- **Problem requirements**: Print each record exactly as it appears, but drop the images.

Records from a collection
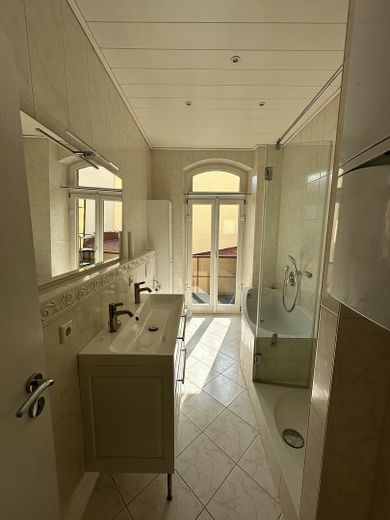Geräumige 5-Zimmer-Wohnung in Toplage - einziehen und wohlfühlen – Badezimmer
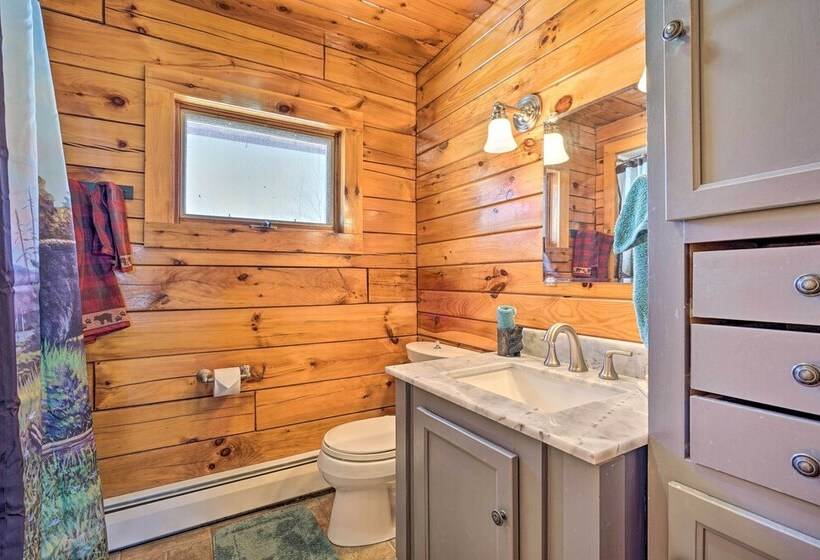 Bemus Point Retreat ~ 3 Mi To Chautauqua Lake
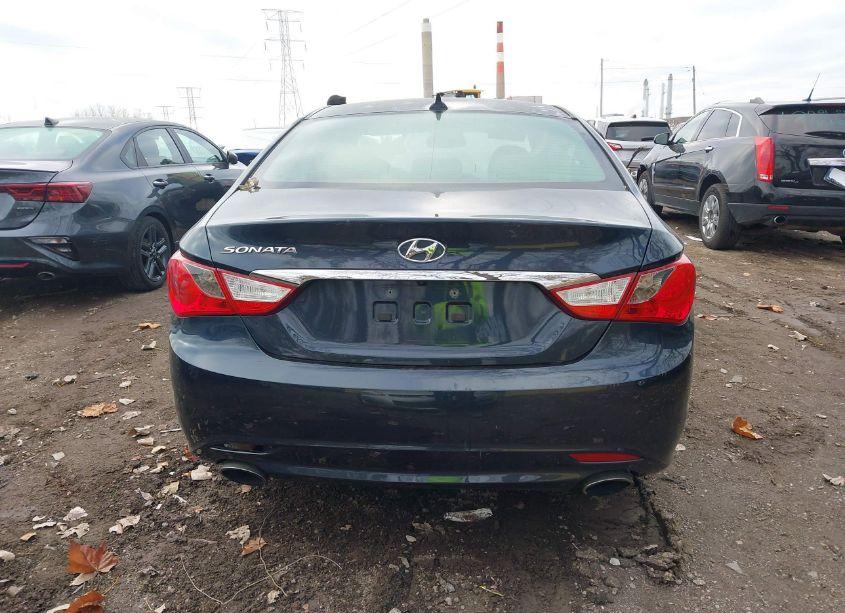 Photo 15 of 2013 Hyundai Sonata SE (VIN 5NPEC4AC8DH789598)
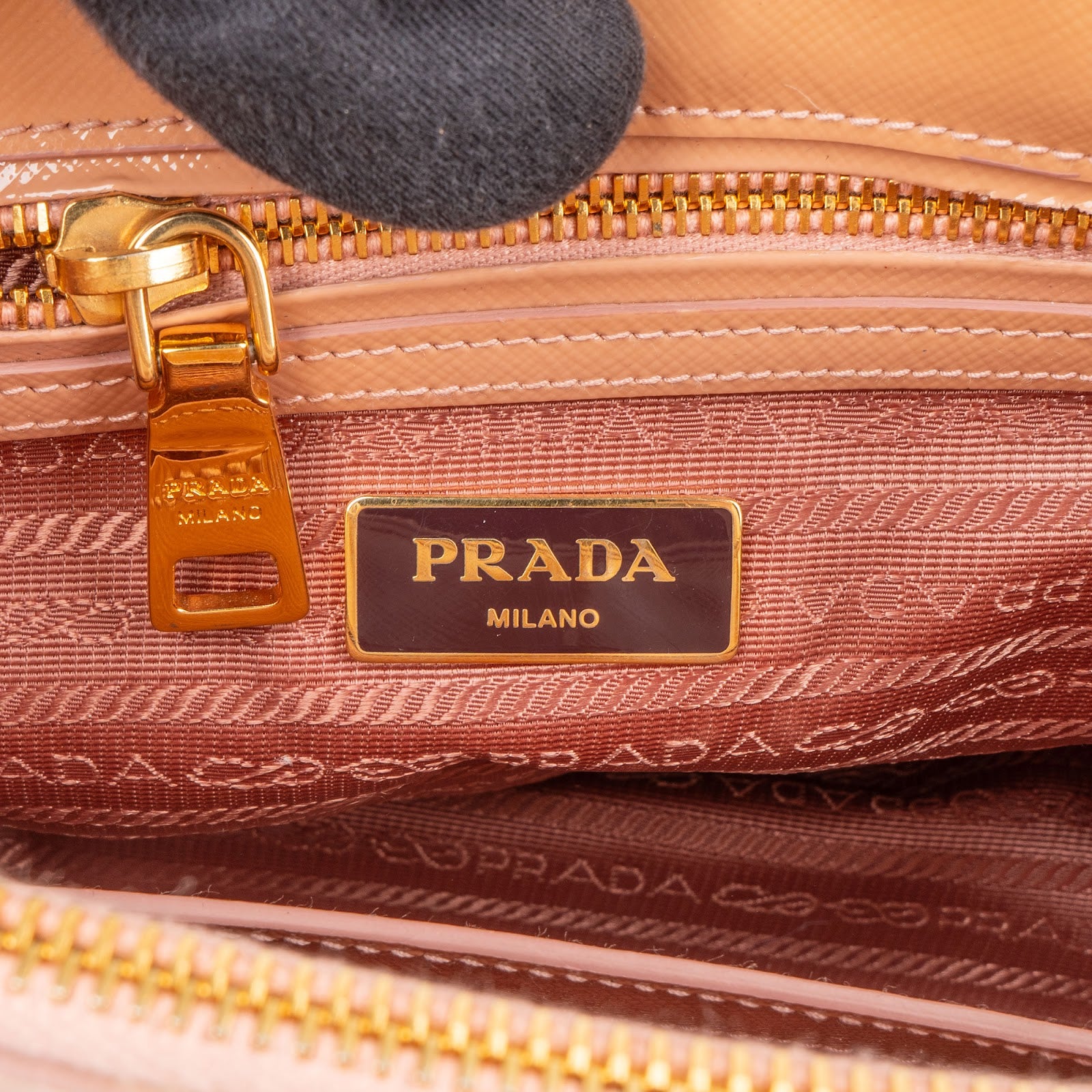 [🔄️B11 / F20] Prada Saffiano Vernice Galleria Small Bag Handbag - vintageandkickz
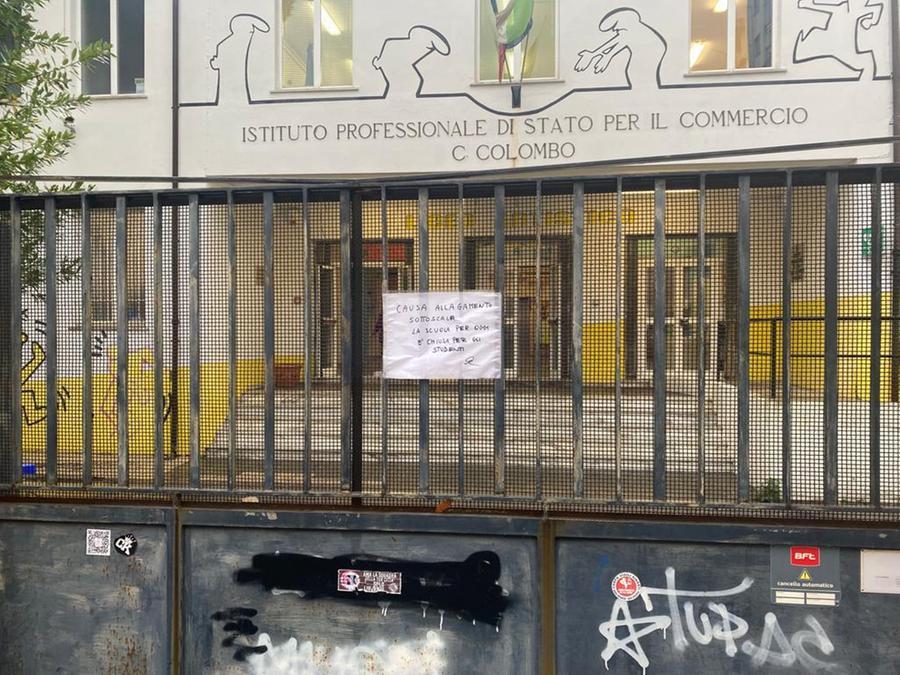 Piove, disagi nelle scuole a Livorno: chiusa la sede del Colombo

- **Written answer**:
Geräumige 5-Zimmer-Wohnung in Toplage - einziehen und wohlfühlen – Badezimmer
 Bemus Point Retreat ~ 3 Mi To Chautauqua Lake
 Photo 15 of 2013 Hyundai Sonata SE (VIN 5NPEC4AC8DH789598)
 [🔄️B11 / F20] Prada Saffiano Vernice Galleria Small Bag Handbag - vintageandkickz
 Piove, disagi nelle scuole a Livorno: chiusa la sede del Colombo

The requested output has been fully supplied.